Each and every day of practice is crucial for the rookies, but this weekend is especially imperative for fifth-round draft pick safety Ed Reynolds.
Due to the NCAA Graduation Rule, Reynolds is allowed to participate in this weekend's Rookie Camp, but must return to Stanford until graduation which is on June 15. Reynolds will miss all of the Organized Team Activities, but return for the team's mandatory mini-camp which is the final three days of practice prior to the start of Training Camp from June 17-19.
“I’ll be able to have the playbook with me and get those mental reps now and while I’m away from the team. The physical reps I can do right now and get as many as I can just because it’s muscle memory, going out there and making sure I’m doing my assignment, aligning correctly and just going out there and playing football," Reynolds said.
"All of our meetings are pretty much podcasted on our iPads, so I just have to make sure I stay up with that and also being able to have any questions answered by them.
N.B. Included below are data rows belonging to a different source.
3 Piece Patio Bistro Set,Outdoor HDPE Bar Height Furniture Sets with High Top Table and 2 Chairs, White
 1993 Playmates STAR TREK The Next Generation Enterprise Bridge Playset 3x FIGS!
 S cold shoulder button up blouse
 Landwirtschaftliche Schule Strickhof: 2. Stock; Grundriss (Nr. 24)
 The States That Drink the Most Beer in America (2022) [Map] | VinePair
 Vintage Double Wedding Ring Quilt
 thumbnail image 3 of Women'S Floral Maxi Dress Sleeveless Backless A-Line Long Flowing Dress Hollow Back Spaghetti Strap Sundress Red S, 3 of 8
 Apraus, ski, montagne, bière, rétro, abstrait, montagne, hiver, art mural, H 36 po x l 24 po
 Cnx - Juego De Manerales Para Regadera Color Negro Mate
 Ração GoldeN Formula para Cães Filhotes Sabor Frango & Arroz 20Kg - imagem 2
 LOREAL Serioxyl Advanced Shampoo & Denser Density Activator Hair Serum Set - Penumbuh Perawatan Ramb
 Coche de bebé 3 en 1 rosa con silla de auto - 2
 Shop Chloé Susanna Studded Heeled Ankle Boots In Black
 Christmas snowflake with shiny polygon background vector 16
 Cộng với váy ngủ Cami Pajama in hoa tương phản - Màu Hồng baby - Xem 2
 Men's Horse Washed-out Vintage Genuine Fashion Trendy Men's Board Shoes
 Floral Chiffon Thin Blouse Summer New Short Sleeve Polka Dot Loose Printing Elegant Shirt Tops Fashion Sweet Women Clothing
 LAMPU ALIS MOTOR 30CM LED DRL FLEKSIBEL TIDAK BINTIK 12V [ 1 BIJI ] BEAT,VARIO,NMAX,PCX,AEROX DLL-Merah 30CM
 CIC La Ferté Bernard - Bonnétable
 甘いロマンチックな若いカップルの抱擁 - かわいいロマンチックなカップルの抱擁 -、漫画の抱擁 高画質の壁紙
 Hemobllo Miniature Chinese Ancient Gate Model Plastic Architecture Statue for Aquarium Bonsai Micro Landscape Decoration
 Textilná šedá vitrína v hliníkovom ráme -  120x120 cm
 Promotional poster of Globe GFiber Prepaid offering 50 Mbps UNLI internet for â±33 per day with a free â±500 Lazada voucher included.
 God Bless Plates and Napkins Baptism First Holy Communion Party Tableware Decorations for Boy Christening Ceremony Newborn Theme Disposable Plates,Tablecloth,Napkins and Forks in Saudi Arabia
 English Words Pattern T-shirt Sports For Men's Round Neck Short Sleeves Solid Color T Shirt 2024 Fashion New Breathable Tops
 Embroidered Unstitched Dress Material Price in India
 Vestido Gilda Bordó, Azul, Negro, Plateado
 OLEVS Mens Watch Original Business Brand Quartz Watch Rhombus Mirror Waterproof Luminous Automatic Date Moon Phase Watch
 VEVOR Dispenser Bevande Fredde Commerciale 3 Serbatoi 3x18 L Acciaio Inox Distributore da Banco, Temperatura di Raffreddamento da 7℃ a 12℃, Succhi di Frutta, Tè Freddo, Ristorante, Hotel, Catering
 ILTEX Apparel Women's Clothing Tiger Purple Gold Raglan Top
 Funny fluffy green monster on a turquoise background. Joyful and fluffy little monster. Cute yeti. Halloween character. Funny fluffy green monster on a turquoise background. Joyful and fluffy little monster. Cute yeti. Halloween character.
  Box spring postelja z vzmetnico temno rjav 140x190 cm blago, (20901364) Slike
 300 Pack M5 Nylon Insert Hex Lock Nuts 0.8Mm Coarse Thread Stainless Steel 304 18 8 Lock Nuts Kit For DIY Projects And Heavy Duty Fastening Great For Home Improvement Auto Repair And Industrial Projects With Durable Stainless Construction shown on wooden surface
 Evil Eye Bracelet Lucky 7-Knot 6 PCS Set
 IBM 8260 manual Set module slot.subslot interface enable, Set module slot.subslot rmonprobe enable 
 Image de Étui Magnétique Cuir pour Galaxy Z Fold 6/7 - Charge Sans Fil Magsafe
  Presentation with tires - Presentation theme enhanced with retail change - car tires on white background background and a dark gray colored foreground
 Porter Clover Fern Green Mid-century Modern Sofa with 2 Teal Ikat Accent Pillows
Then, physically, just making sure I stay in shape and continue to work on my (defensive back) stuff to make sure that when I come back, I’m not too far behind."
Reynolds is the only draft pick who is impacted by the NCAA graduation rule. He does have one advantage on his side. His father, Ed, was an NFL linebacker for 10 seasons. Following his playing career, he worked in the league office.
“He just told me to be a professional," Reynolds said of the advice that he got from his dad. "This game is something special, it doesn’t last forever, so just go out every day and pick something that you need to work on, focus in on it and make sure that you carry yourself in a way that you’re a professional out there because it’s your livelihood.”
The elder Reynolds, who played for the Patriots and the Giants, thrived despite not being selected in the NFL Draft.
"I’ve definitely seen some film. It’s funny being able to watch him. I grew up seeing him one way and then watching him as a football player. I didn’t think he was all that athletic, but he was pretty good," the younger Reynolds said. "I knew I had to get it from somewhere. Now, inside linebackers, you don’t see guys who are 6-5, 240, hardly anywhere. That’s how he was, he was nard-nosed and being able to be around some of his older teammates and them telling me stories about him playing and Training Camps. He was an undrafted free agent who had to go make a team and he did so, then ended up leading the team in tackles for a couple years when he was with the Patriots. I’m just taking that work ethic that he had and trying to carry that in my game, as well.”
But why had Allen been crossing his fingers to become an Eagle? Defensive line coach Jerry Azzinaro (who tried to recruit Allen to Oregon when Allen was in high school) was a major factor, as was the organization of Allen’s pre-draft visit to the NovaCare Complex.
“I thought it was really, really well-organized,” said Allen, who added that he visited about eight teams leading up to the draft. “Some places I went, it wasn’t like that. But I got a schedule. Some places I went it wasn’t like that. I got a schedule and it was really well organized. I met with basically everybody. It was a little more formal of an interview process than I’d had with different teams. I think it went well or else I wouldn’t be here.
“I guess the thing that comes to mind is I sat in a meeting room with the whole defensive staff and they put on a cut-up of me and just said, ‘Explain what you’ve been taught on each and every play.’ I think it was a little more ... it wasn’t as relaxed as some of the other interviews maybe that I went on. It was good. It was a little stressful.”